Making sense of the world around you 

I started by pointing the camera at a painting, and asked about it. Gemini Live was able to accurately detect it as a Madhubani style painting, decoding the bold use of colors and depiction of animals. 

It then proceeded to give me a brief history lesson and the variations that have developed over the years. The information was accurate, down to the most granular level. Thankfully, you can also choose to have a text-based back-and-forth with Gemini, if you’re in a place where voice conversations could be awkward. 

What I like the most about Gemini Live’s new camera and screen sharing avatar is that it’s not exceedingly chatty. You can interrupt it at any given moment, which only adds to the “natural” appeal of the conversations. 

I tried Gemini in a variety of scenarios. I was not prepared for it.

The answers it provides are usually succinct, as if it wants to give you a chance (or even nudge) to ask a follow-up question instead of giving an overwhelmingly long answer. It excels in a whole range of topics and visual scenarios, but there are a few pitfalls.

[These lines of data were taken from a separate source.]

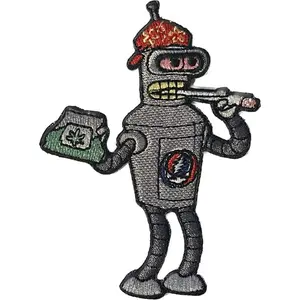 Cartoon Stoner Hippy Music Peace Trance Patch Iron On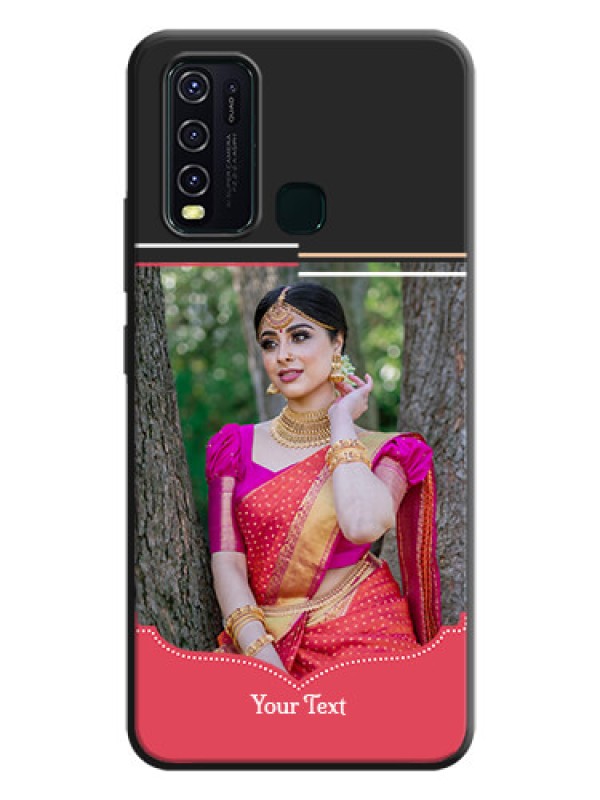 Custom Classic Plain Design with Name - Photo on Space Black Soft Matte Phone Cover - Vivo Y30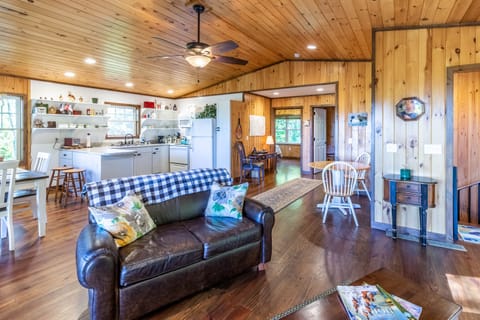 Living Area - Living area looking into the kitchen area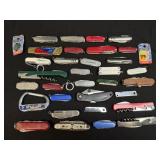 Several Assorted Pocket Knives As Pictured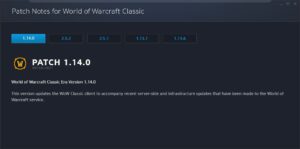 wow classic era updated to version 1.14.0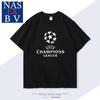 Einfaches schwarzes Fußball-T-Shirt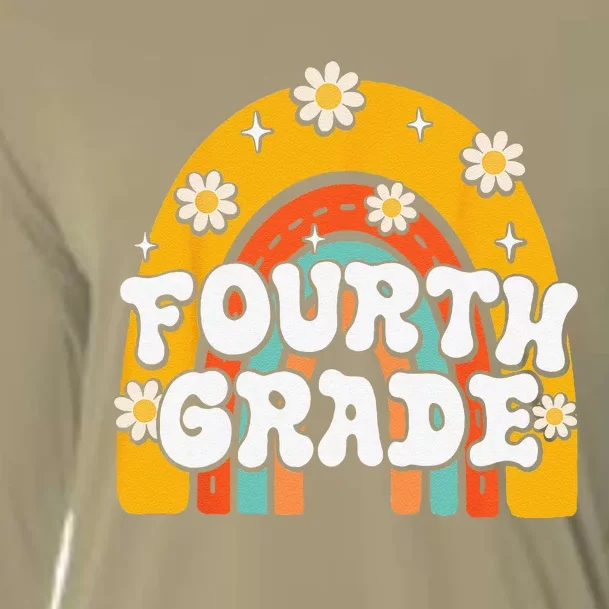 4th Fourth Grade First Day School Back To School Teacher Cooling Performance Long Sleeve Crew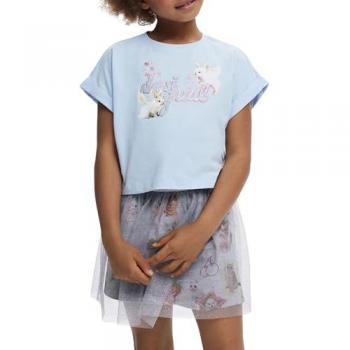 Camiseta Desigual Azul Claro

It can’t use Google Lens yet, which means Gemini can’t compare the images it sees on your phone’s screen against matching results on the web. Moreover, it can’t access information in real-time if you ask Gemini to look up the latest developments around a topic or personality.

I asked it about plant species, restaurant listings, picking up data from notice boards, and making sense of my medical prescription for a recent bout of flu. Gemini fared pretty well, more so than I’ve ever experienced the AI chatbot perform so far. 

Unlocking a knowledge bank

Next, I pushed Gemini to make sense of complex academic material. I put a book on Machine Learning in the camera frame. Gemini Live not only recognized it, but also proceeded to give me an overview of the book’s contents and its core subjects. 

Curiously, I started flipping through the pages and landed on the chapter list. The AI recognized the progress, stopped talking, and asked me whether I was interested in any particular chapter now that I was checking out the topic list. 

I was taken aback by surprise at this moment.

I asked it to break down a few complex topics, and the AI did a respectable job, even going beyond the scope of on-page material and pulling information from its expansive knowledge bank.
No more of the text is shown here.